_PROBLEM STATEMENT_.
Make an exact copy of all the entries, but do not reproduce the pictures.

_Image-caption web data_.
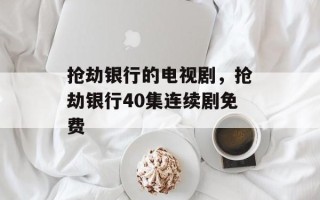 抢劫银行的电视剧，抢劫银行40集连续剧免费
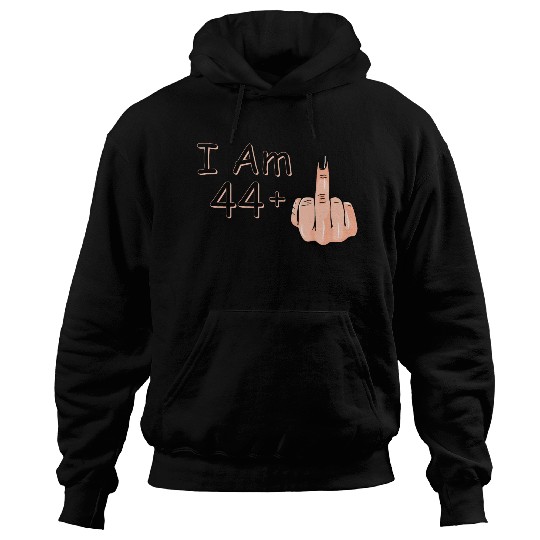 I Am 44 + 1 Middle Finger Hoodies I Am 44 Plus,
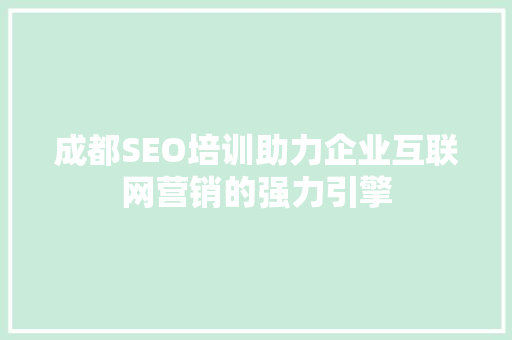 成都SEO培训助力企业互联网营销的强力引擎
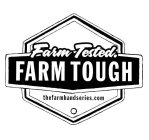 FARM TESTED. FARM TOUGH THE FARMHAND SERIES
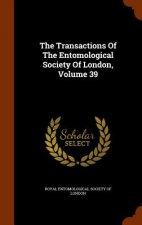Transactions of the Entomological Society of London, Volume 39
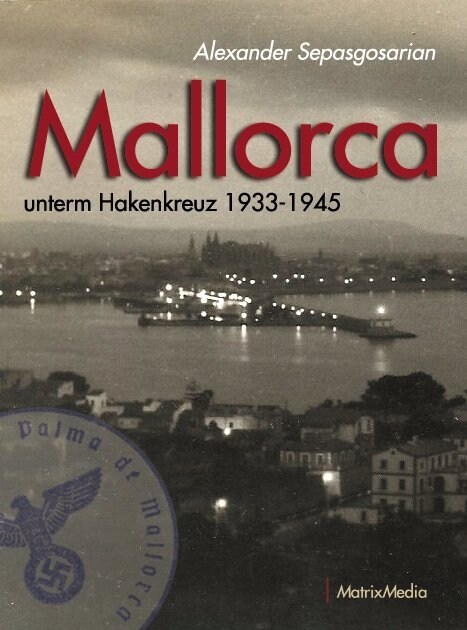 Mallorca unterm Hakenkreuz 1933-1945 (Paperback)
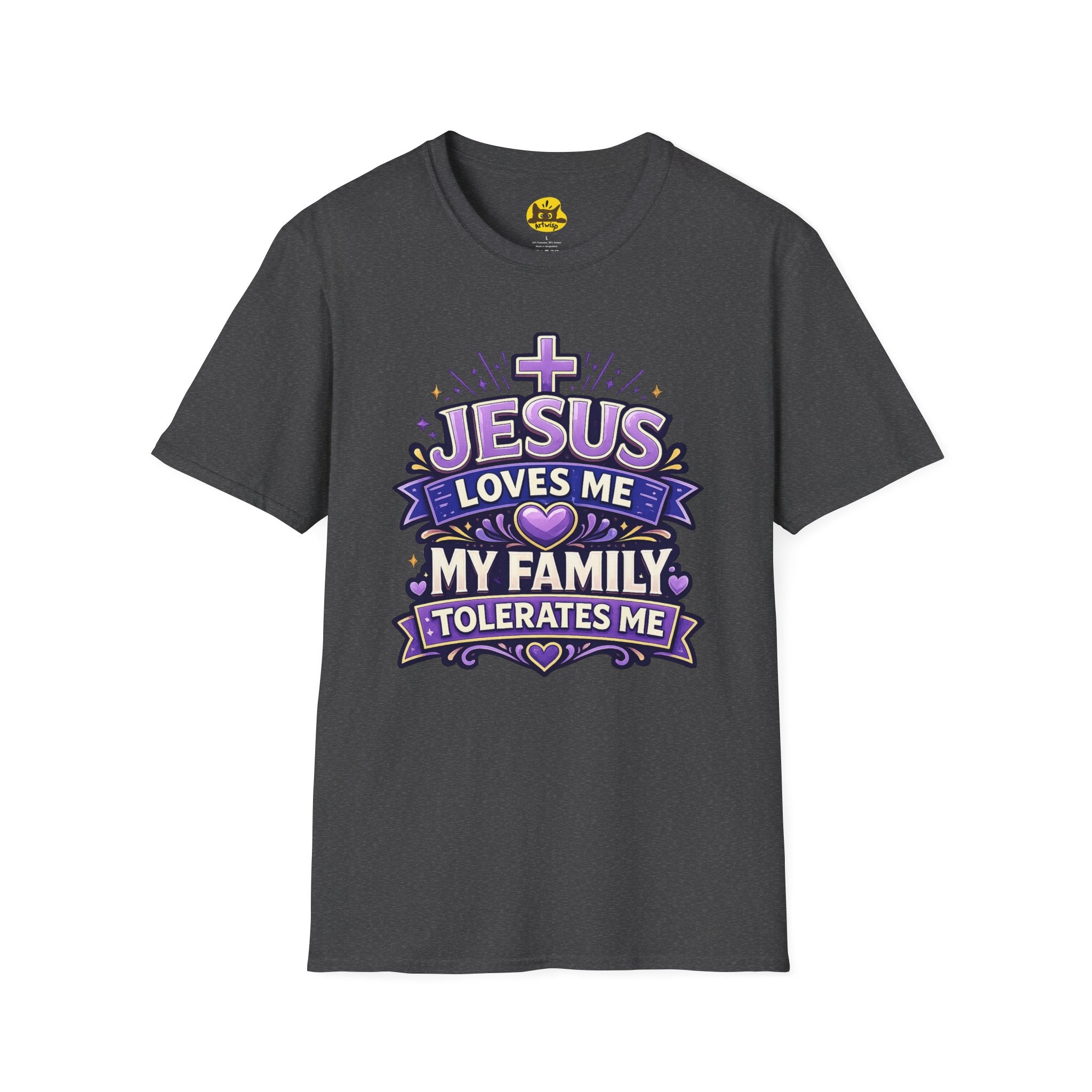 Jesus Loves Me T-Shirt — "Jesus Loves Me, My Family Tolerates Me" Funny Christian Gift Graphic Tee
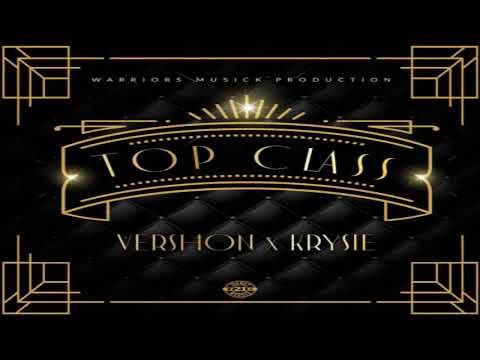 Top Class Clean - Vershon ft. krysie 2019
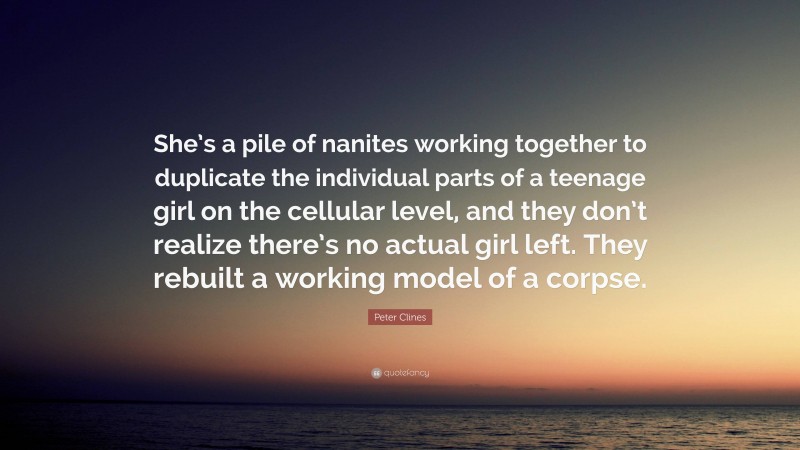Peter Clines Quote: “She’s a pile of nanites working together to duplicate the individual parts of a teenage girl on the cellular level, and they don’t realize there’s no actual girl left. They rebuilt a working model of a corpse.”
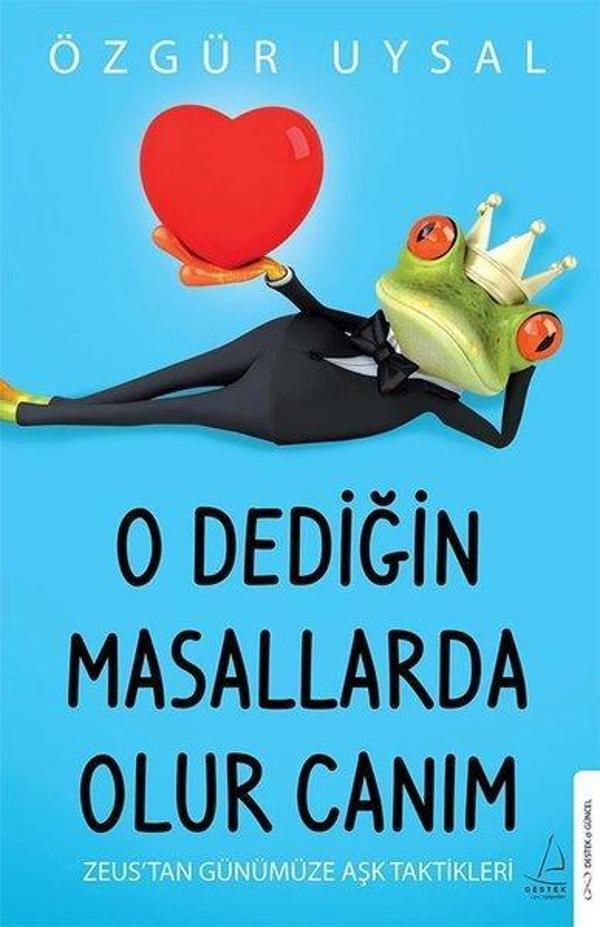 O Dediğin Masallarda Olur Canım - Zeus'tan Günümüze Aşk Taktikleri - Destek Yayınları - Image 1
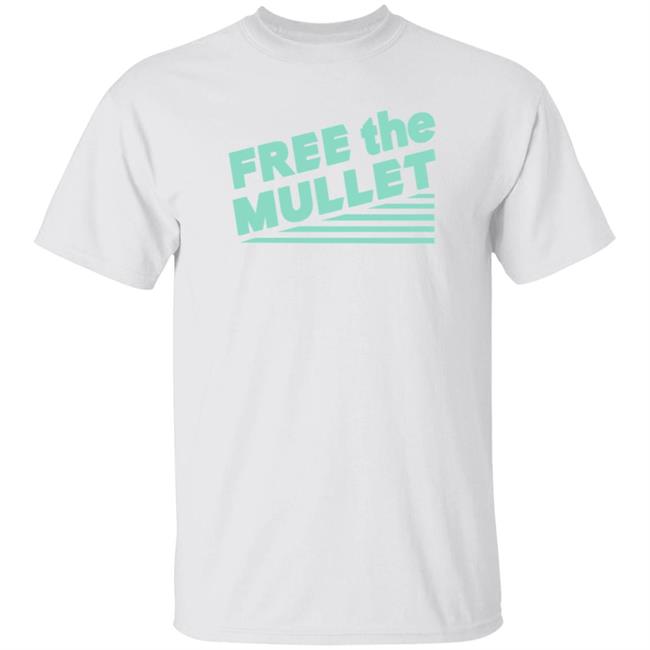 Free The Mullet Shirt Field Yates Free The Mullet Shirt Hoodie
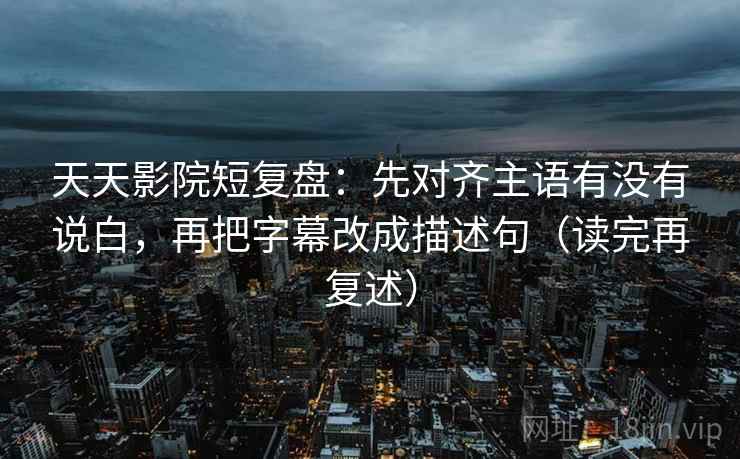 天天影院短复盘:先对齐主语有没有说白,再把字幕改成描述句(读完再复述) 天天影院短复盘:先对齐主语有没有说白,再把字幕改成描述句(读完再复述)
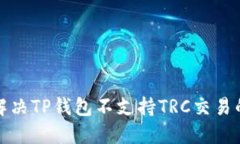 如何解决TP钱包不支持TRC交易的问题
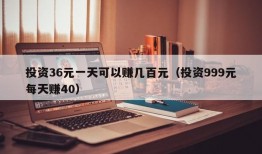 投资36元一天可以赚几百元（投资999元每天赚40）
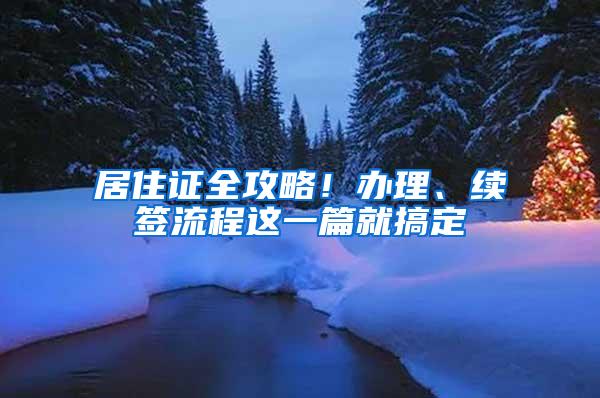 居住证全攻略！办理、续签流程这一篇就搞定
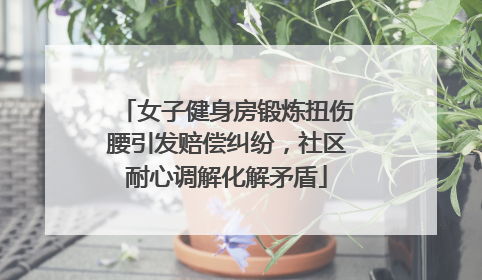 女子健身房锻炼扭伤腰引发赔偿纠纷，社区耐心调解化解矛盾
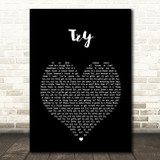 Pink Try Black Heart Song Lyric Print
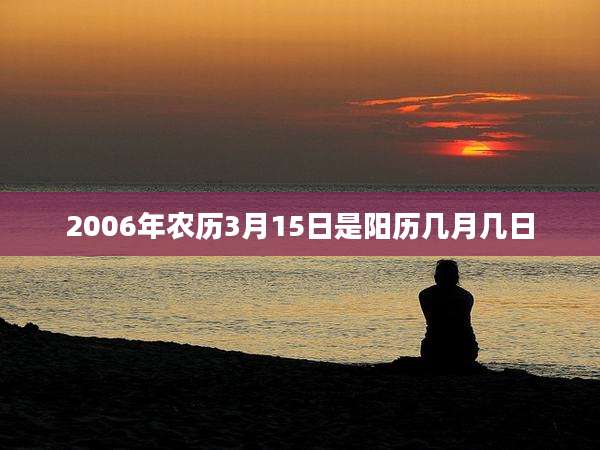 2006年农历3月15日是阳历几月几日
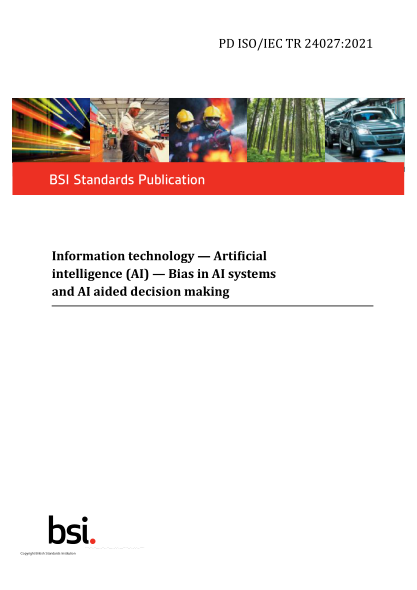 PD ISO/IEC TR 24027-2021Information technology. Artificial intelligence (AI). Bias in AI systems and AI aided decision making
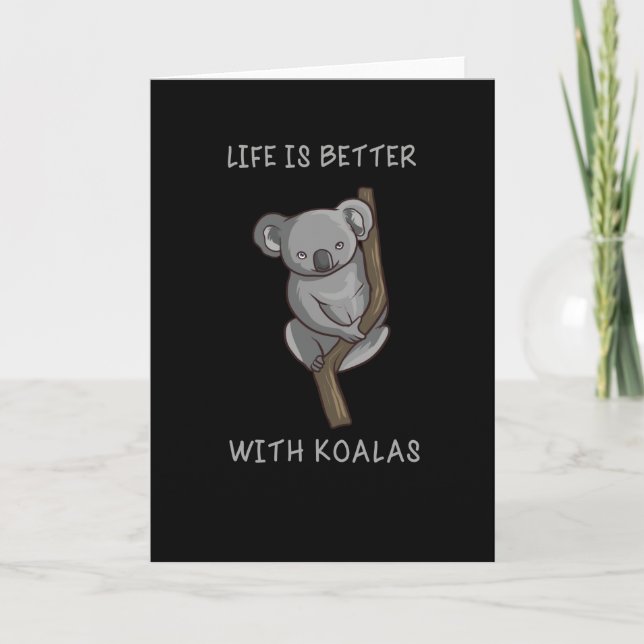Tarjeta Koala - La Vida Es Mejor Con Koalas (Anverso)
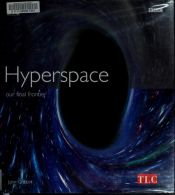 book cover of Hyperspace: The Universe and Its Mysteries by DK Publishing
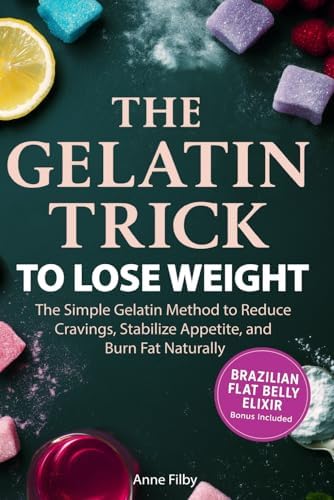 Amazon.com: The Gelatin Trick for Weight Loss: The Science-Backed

_EXERCISE OUTPUT_.
 抢劫银行的电视剧，抢劫银行40集连续剧免费
 I Am 44 + 1 Middle Finger Hoodies I Am 44 Plus,
 成都SEO培训助力企业互联网营销的强力引擎
 FARM TESTED. FARM TOUGH THE FARMHAND SERIES
Transactions of the Entomological Society of London, Volume 39
 Mallorca unterm Hakenkreuz 1933-1945 (Paperback)
 Jesus Loves Me T-Shirt — "Jesus Loves Me, My Family Tolerates Me" Funny Christian Gift Graphic Tee
 Top Class Clean - Vershon ft. krysie 2019
Peter Clines Quote: “She’s a pile of nanites working together to duplicate the individual parts of a teenage girl on the cellular level, and they don’t realize there’s no actual girl left. They rebuilt a working model of a corpse.”
 O Dediğin Masallarda Olur Canım - Zeus'tan Günümüze Aşk Taktikleri - Destek Yayınları - Image 1
 Free The Mullet Shirt Field Yates Free The Mullet Shirt Hoodie
 天天影院短复盘:先对齐主语有没有说白,再把字幕改成描述句(读完再复述) 天天影院短复盘:先对齐主语有没有说白,再把字幕改成描述句(读完再复述)
 如何解决TP钱包不支持TRC交易的问题
 投资36元一天可以赚几百元（投资999元每天赚40）
 居住证全攻略！办理、续签流程这一篇就搞定
 女子健身房锻炼扭伤腰引发赔偿纠纷，社区耐心调解化解矛盾
 Pink Try Black Heart Song Lyric Print
 2006年农历3月15日是阳历几月几日
 PD ISO/IEC TR 24027-2021Information technology. Artificial intelligence (AI). Bias in AI systems and AI aided decision making
Tarjeta Koala - La Vida Es Mejor Con Koalas (Anverso)
 book cover of Hyperspace: The Universe and Its Mysteries by DK Publishing
 Amazon.com: The Gelatin Trick for Weight Loss: The Science-Backed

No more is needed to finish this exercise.